Europa League: Silverware means more than gold to Liverpool
A place in the Champions League may be at stake but Jurgen Klopp's side are in Basel to win a trophy above all else
Liverpool face Sevilla in the Europa League final tonight with twin ambitions: to win the Europa League and to secure a place in the Champions League.
The two prizes go hand-in-hand but scratch very different itches for the modern football club, says Henry Winter in The Times. But he is in no doubt that Liverpool should go into the game thinking about silverware rather than gold.
"Club accountants, and owners, may focus on qualification for the Champions League as the benchmark for a successful season but no open-top parades are planned on English streets for finishing second, third or fourth," he says
"In recent years, as broadcasting bullion courses through the bountiful game, the culture of football has changed... [Liverpool] have a chance to confront that sad, burgeoning reality in the land of the rammed bank vaults," he adds.
"Liverpool have always embodied the game's more important values: team before self, glory above all."
It is a message echoed by manager Jurgen Klopp and James Milner who, in the absence of Jordan Henderson, will be captain at the St Jakob Park in Basel.
"It is a wonderful story to tell your grandchildren when you are old about being a Liverpool legend," said Klopp. "You win it, you get the trophy, you are then a European champion and you have to work with it."
Being a European champion means a lot on Merseyside, says Ian Ladyman in the Daily Mail. The Europa League may be the continent's second-tier competition but success in Europe has always been "fundamental to Liverpool's esteem and sense of self-worth".
"Despite all that has happened – or not happened – at Anfield during the years of the Premier League, Liverpool's record in Europe continues to set them apart in England. It matters to them.
"A win against the holders Sevilla could take Klopp much further forward in terms of his standing and his prospects at Anfield than perhaps even he realises.
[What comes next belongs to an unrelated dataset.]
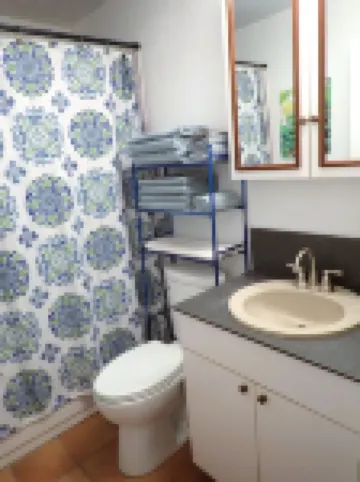 Hidden by beautiful palm and flamboyant trees but close to restaurants & stores โรงแรมใน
Managers who win European trophies for Liverpool are revered."
That sentiment is echoed by former captain Steven Gerrard in the Daily Telegraph. Victory would mean "a place in history for all those players and the sense they are at the beginning of a new era under one of the greatest coaches of his generation".
Failure would not just be a blow, it would shift the focus onto the trimmings that they will miss out on. Defeat would mean "not just another year without a trophy, but no European competition at all next season".
That outcome would "have an impact on the quality of players Klopp can attract, the financial rewards for the club and the morale of the squad... there would be a hangover. There always is when you lose a game of this magnitude."